Notre séjour Bulgare a commencé par une visite d’un des hauts lieux touristiques de la Bulgarie, le monastère de Rila. Il est aujourd’hui considéré comme le Jérusalem Bulgare. Durant l’occupation Ottomane du 14ième au 19ième siècle, il est resté le lieu spirituel de l’église orthodoxe en Bulgarie. Fondé vers l’an 900 par Jean de Rila, le statut et l’office religieux du couvent de Rila deviennent un modèle pour tous les monastères en terre Bulgare. Toujours habités, il est un foyer spirituel pour les moines, les hommes de lettres, les chantres, les peintres d’icônes, les sculpteurs sur bois et mêmes les professeurs cherchant un peu de repos. Les différentes peintures datant du 18ième et 9ième siècle, témoignent de la richesse artistique de cette époque là pour la Bulgarie. La visite de ce lieu est incontestablement un endroit à ne pas manquer lors d’un séjour dans les Balkans, je vous le garanti. L’endroit est paisible et plein de charme.

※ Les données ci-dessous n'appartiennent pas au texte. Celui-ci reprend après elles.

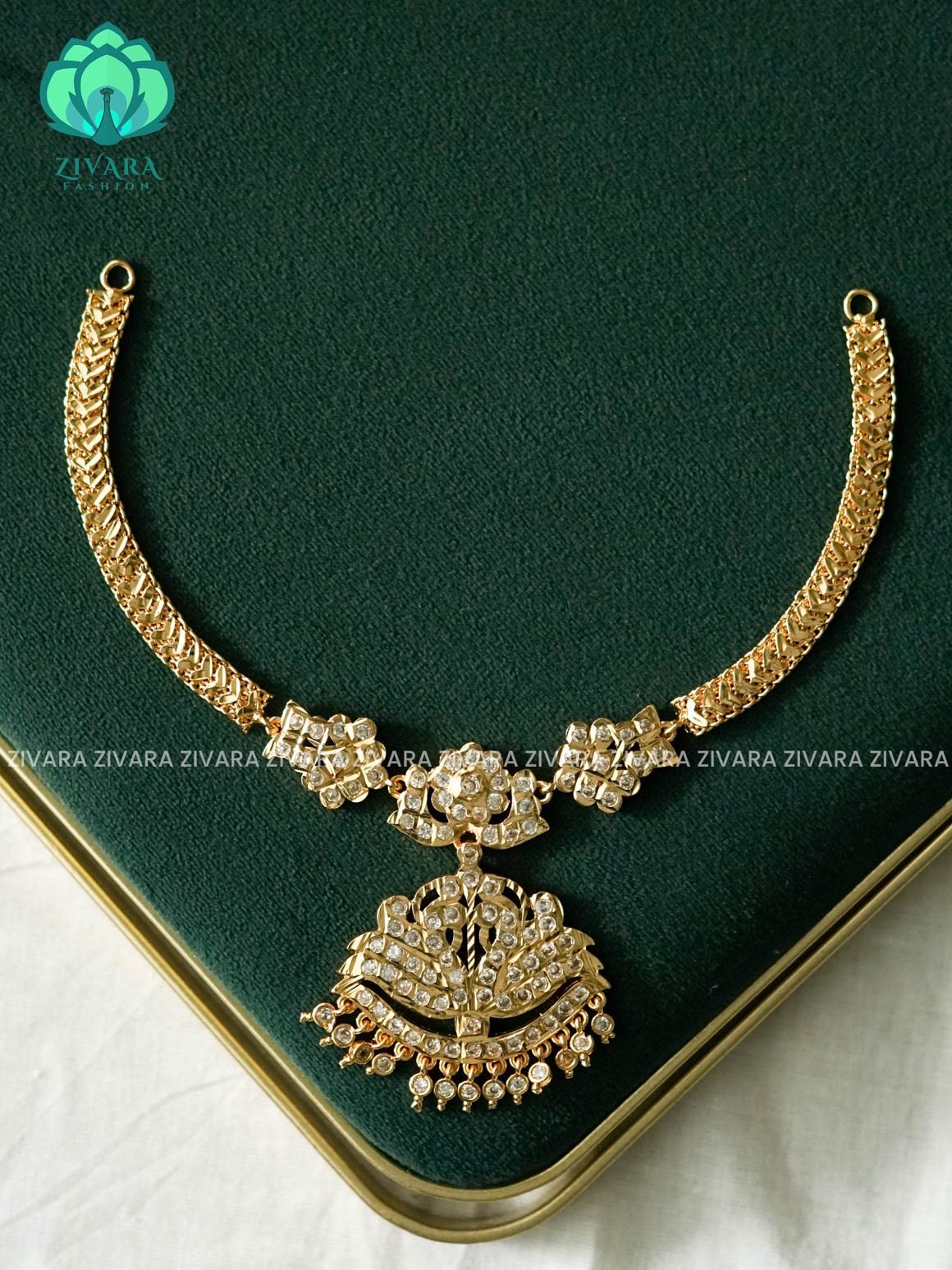 AMBIGAI-WHITE STONE MICROGOLD POLISH ATTIGAI  - Zivara Fashion- latest jewellery desigN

Après une longue hésitation et en fonction des informations que nous avons pu récoltés, nous avons décidé de ne pas nous rendre à Sofia, mais plutôt de prendre la direction de Plovdiv. De nombreuses petites villes sur notre chemin sans charmes. Ce qui n’est pas le cas des filles Bulgares. De nombreuses jolies filles. Eh oui ! Les « on-dit » sur les filles de l’Est est bien vrai. Elles sont vraiment jolies. Mais revenons aux villes. Je disais donc sans charme, mais très souvent avec un petit centre piéton aux nombreux cafés où les bulgares viennent se rafraîchir à longueur de journée. Des petites places ombragées, des fontaines où les piétons viennent à tour de rôles happés une gorgée d’eau fraîche, meublent l’ensemble. A propos de café, il faut que je vous raconte une petite anecdote concernant notre ignorance de ce pays. La Bulgarie faisant partie de l’UE, nous étions persuadé que l’Euro en était la monnaie officielle. Quand une serveuse nous apporte l’addition de notre consommation, nous trouvâmes la note de 3€ correcte pour deux Icetea. Nous payons donc en donnant un billet de 5€. La serveuse gênée, s’en va dans un bureau de change à proximité café, et nous rendit la monnaie. Nous firent une drôle de tête car le billet était inconnu : 2 Lev. « Mais qu’est ce donc ? ». La monnaie bulgare nous répondit la serveuse. « Ah bon ! ». Puis elle revient un peu plus tard et nous donna 4 Lev de plus en précisant qu’elle s’était trompée. Je me dis qu’en fait, pour l’instant ils ont la double monnaie pour que les gens s’adaptent doucement à l’Euro, comme ce fut le cas en France en 2000. Mais en fait, nous l’apprendrons un peu plus tard par une très jolie étudiante bulgare qui fait ces études de pharmacie à Montpellier, le Lev est la seule monnaie officielle en Bulgarie.
Sinon, les premières impressions de la Bulgarie sont assez sympas. Des gens serviables et un pays tout de même assez pauvre malgré son accession à l’UE. Sur la route, encore de nombreuses charrettes tirées par des chevaux coiffés d’un pompon rouge guidé par un chauffeur habillé parfois de haillons. Dans les champs, de nombreux ouvriers agricoles venant certainement de Turquie pour récolter les fruits et légumes. Les paysages sont un peu moins jolies qu’en Macédoine ou qu’en Albanie, mais reste beaux a voir, surtout le long des rivières claires dégringolant des montagnes. Aujourd’hui, c’est une petite visite de Plovdiv, où nous prenons une journée de repos pour fêter notre 3000ième Km. Plodiv, deuxième ville du pays avec ses presque 400 000 âmes et un centre ville classée au patrimoine mondial de l’Unesco.